Brother Kevin, (87), a native of Cork, has provided meals and care packages to tens of thousands of people for the last 53 years.

Image: PA

PRESIDENT MICHAEL D HIGGINS has led tributes to humanitarian Brother Kevin Crowley who retired today. 

Brother Kevin, (87), a native of Cork, has provided meals as well as care packages to tens of thousands of people since the Capuchin Day Centre was set up in Dublin in 1969.

When it first opened 53 years ago, it was helping around 50 people per day. Now, it sees between 300 and 500 people visiting for breakfast, and between 500 and 600 people looking for dinner every day. 

The Brother and his team provide more than 900 meals are provided every day and 1,500 food parcels are handed out to people in need every Wednesday.

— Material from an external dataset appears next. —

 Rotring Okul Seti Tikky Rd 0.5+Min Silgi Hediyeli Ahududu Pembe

In 2018 the centre was visited by Pope Francis to pay a tribute to Brother Kevin’s work. 


President Higgins paid a warm tribute to Kevin Crowley who he said has given an great service to the people of Dublin.  

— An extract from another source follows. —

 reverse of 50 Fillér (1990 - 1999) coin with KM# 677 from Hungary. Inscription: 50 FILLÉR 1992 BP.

“Since founding the centre in 1969, Brother Kevin has led an invaluable service that is providing essential food and compassion to those most in need in our capital city.

“Pope Francis has spoken of a ‘culture of indifference’ and has challenged us all not to avert our gaze or to turn away from those who suffer on our shared planet. Brother Kevin, and those who work alongside him, in their work are meeting this challenge every day.

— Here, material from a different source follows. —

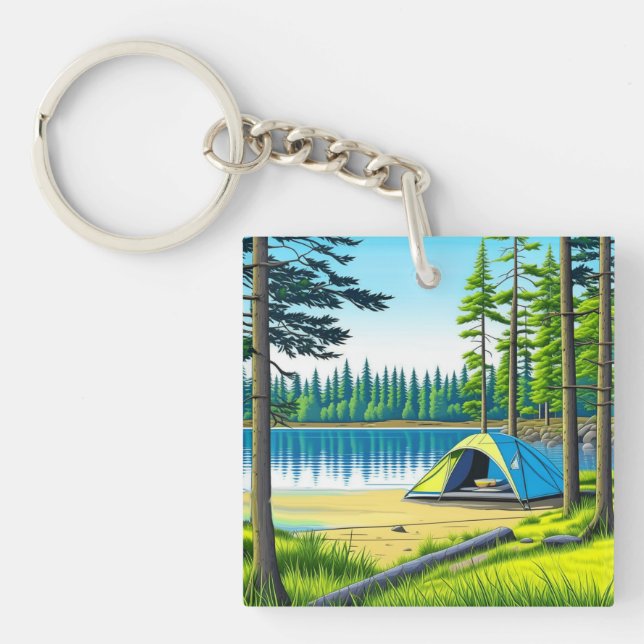 Porte-clefs Nature Camping Tente à thème dans les bois (Devant)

“May I take this opportunity to thank Brother Kevin and all those in the Capuchin Day Centre for their great spirit of shared humanity and determined pursuit of dignity, their practical work in the delivery of human rights for all our fellow citizens. May I wish Brother Kevin my very best wishes for the future on his return to his native Cork,” he said. 

Archbishop of Dublin Dermot Farrell also sent his best wishes to Brother Kevin and spoke of how his colleague “devoted his life to the service of the poor”.

“His work with its staff and volunteers transformed the lives of those who availed of the services at the centre, from misery and despair to hope and love. 

“As Brother Kevin retires, we should remember the poor we still have with us, in ever greater numbers because of wars, famine, drug and alcohol addiction,” he said.